Newspaper headlines: Interest rates 'hit peak' and Murdoch 'ends reign' – BBC

A number of the papers report that Prime Minister Rishi Sunak is considering a major reform of A-levels as part of plans to modernise the education system. Mr Sunak is said to be keen to introduce a "British baccalaureate", which would see English and Maths become compulsory until the age of 18 as well as a requirement that children study a wider range of subjects.
The Financial Times says Mr Sunak has previously been a "vocal critic" of the "narrowness" of the current A-level system. A senior government source has told the Times that while options are being looked into, no final decision has been taken.
"Colossus of the media world tries a quieter life" says the i, reflecting on Rupert Murdoch's decision to step down as chairman of Fox and News Corp. The Financial Times and the Telegraph both call it the "end of an era".

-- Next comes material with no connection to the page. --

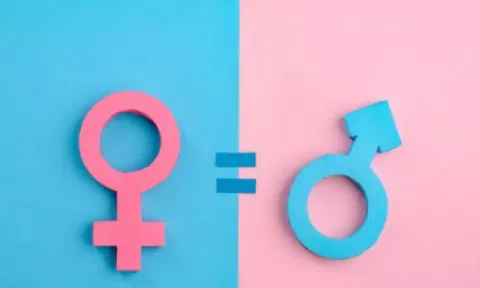 No country achieved full gender parity: UN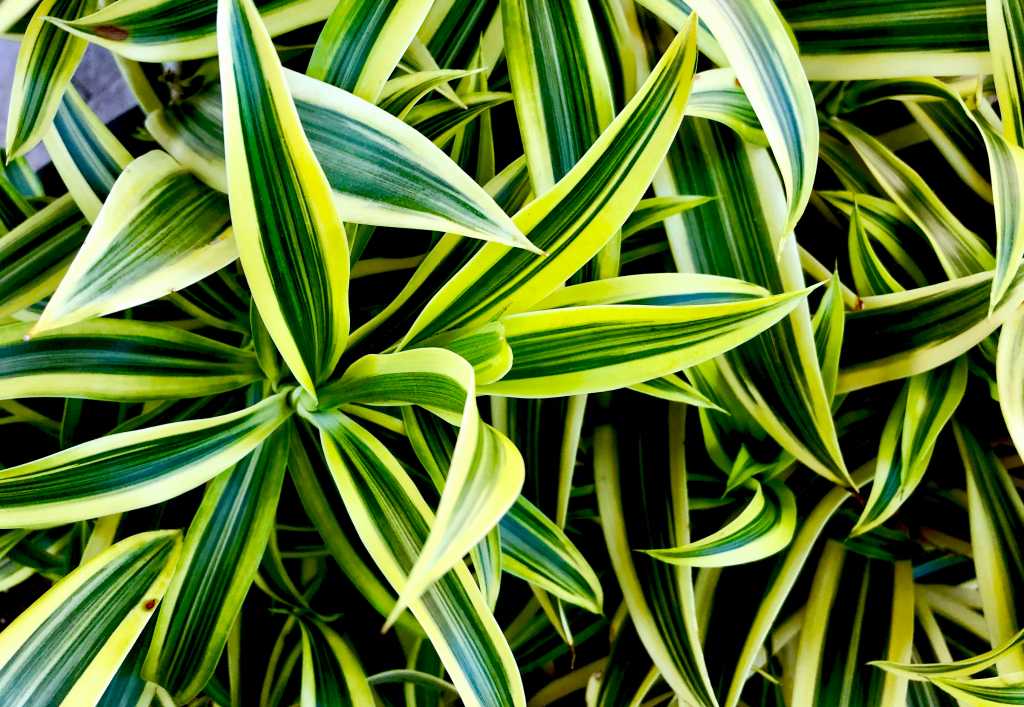 Drachenbaum (Dracaena)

Andrew Neil writes in the Daily Mail that he doubts whether Rupert Murdoch "will be able to forgo giving his tuppence-worth". He goes onto say that Mr Murdoch "wielded more power than any other press baron in the country" but that he has been "forever tainted" by the times he allowed "money to triumph over proper journalistic ethics".
Most of the papers feature photographs of the King speaking at the French Senate in Paris on Thursday as part of his state visit to France. The Daily Mirror says it was "historic", noting that it was the first time a British royal had spoken in the chamber. The Telegraph says he used the address to call for "nations to unite in the climate fight".
A more light hearted element of the trip – the Queen challenging the French First Lady Brigette Macron to a game of ping pong – receives a lot of attention as well. The Mail says after hitting the ball into the net several times the Queen seemed to "admit defeat", but adds that the two women seem to have been getting on "famously". The Sun sums up the visit so far with the headline "lark de Triomphe".
"A trio of Pauls and only two women" is how the Guardian describes the shortlist for this year's Booker Prize. The Times says it's an interesting turn of events as there's a "growing feeling in publishing that men are giving up on writing fiction". One of the judges who helped to pick the six authors on the list, Robert Webb, says the panel were concentrating on the work, "rather than whether or not they were called Paul".
And scientists have found that bulldogs and other flat-faced dogs win people over by needing help, says the Telegraph. A study in Hungary saw researchers challenge 15 English bulldogs and 15 French bulldogs to open a box to find food hidden inside. The task was also given to 13 Hungarian Mudis, which have a normal snout. The flat-faced animals were found to be slower and more willing to stare at humans for help. The lead author of the study said this didn't necessarily mean bulldogs weren't smart, just that they've mastered a different strategy: making someone else solve their problems.